Shit happens, it’s a fact of life. Last October, I woke up to the unexpected sound of the front door closing just before 8 a.m. That’s odd, I thought. My husband was always at work by now.
Did he forget something?
He came into the bedroom looking calm but… outside of his body somehow. He sat down on the bed and said, “I was just let go from my job.” He took off his jacket, and we remained in shocked silence.
It was a surprise for both of us.
But even in this surprising situation, there was something we didn’t do: panic. I’ve been let go before. So have many people I know. And when shit happens like this, I feel oddly calm.
In life, unfortunate things are guaranteed to happen at some point. You might lose a job, get dumped or get some bad news from the doctor. But you don’t need to fall apart.
Here’s what to do when it’s too late to expect the unexpected:
1. Foster some perspective.
Whatever you are going through, ask yourself: Is it the end of the world? It’s rarely as bad as you may think in the moment you first receive the news.
What perspective can you bring to your current situation? Will it matter in one year, two years, five years?
My friend who was diagnosed with type 1 diabetes a few years ago explained it by saying, “It’s a bit of an inconvenience from time to time, but overall my life is pretty much the same.” How’s that for an attitude?
2. Believe you can figure it out. (Hey, you have before!)
What else have you survived before the current problem? I survived the death of my father and a divorce before I was 25. I always remember these experiences and others I’ve been through when a new struggle hits.
Let the past struggles you’ve overcome fuel your ability to conquer new bumps that appear in the road.
3. Shit happens to everyone (so know you are not alone—ever).

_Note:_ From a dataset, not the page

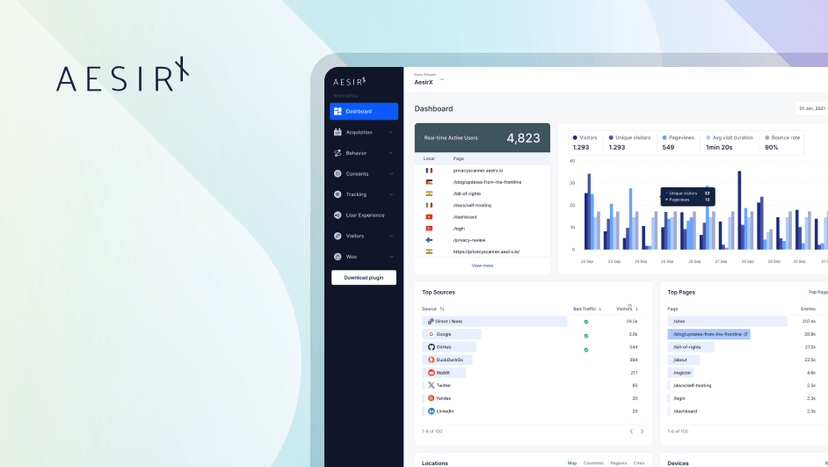 Real-Time BI: Transforming Data into Actionable Insights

I always find it comforting to know that no matter what shit happens to me, there are people out there going through the same thing. The first thing I did the morning my husband came home was call two of my friends whose husbands were also laid off in recent months.
After talking to them, I had even greater perspective on the situation we were in. Immediately I exhaled—it was proof of how universal these circumstances are. It reminded me: It’s OK! The same can apply to breakups, betrayals, loss—anything.
You are not the first person to go through what you’re going through, and you certainly won’t be the last.
4. Ask for help. (It’s OK!)
There’s an old saying that a problem shared is a problem halved.
Heck, we’re all human, and we’re all in this together. Calling my friends and telling them the news about my husband helped me stay calm.
Just sharing my surprise and feeling them nod over the phone (and even making me laugh!) took what could have become an even bigger weight off my shoulders. They gave me some great practical advice, too.
Side note: It’s a bonus if the people who you turn to for help have a good sense of humor. Find these people!
5. Get busy.
Nothing, nothing, nothing replaces action in life. Did you offend a friend you love? Call and apologize. Are you getting some unexpected rain on your outdoor wedding day? Find cute umbrellas for the guests. Your S.O. broke up with you? Plan fun “you time” to center yourself, and remember you are whole no matter what.
Got laid off unexpectedly? Get out there and get busy networking!
6. Plan ahead
Never have I felt more grateful for my business than the day my husband was let go from his job. It meant that we had options.
It was not as devastating as it might have been if I hadn’t pursued an entrepreneurial path. Because we diversified before we “had” to.
We were not reliant on his pay check nor are we dependent on any single source of income. And I realized fully with mega-watt appreciation – my “job” can never be taken away from me…
Because my side hustle turned full time business belongs to us. And where it continues to lead? That’s also up to us. How awesome.
Remember above all that being defeated is a temporary condition. Only giving up hurts us in the long run. And that is entirely up to you.
So often we’re told to expect the unexpected, but it’s easier said than done. What do you do when shit happens?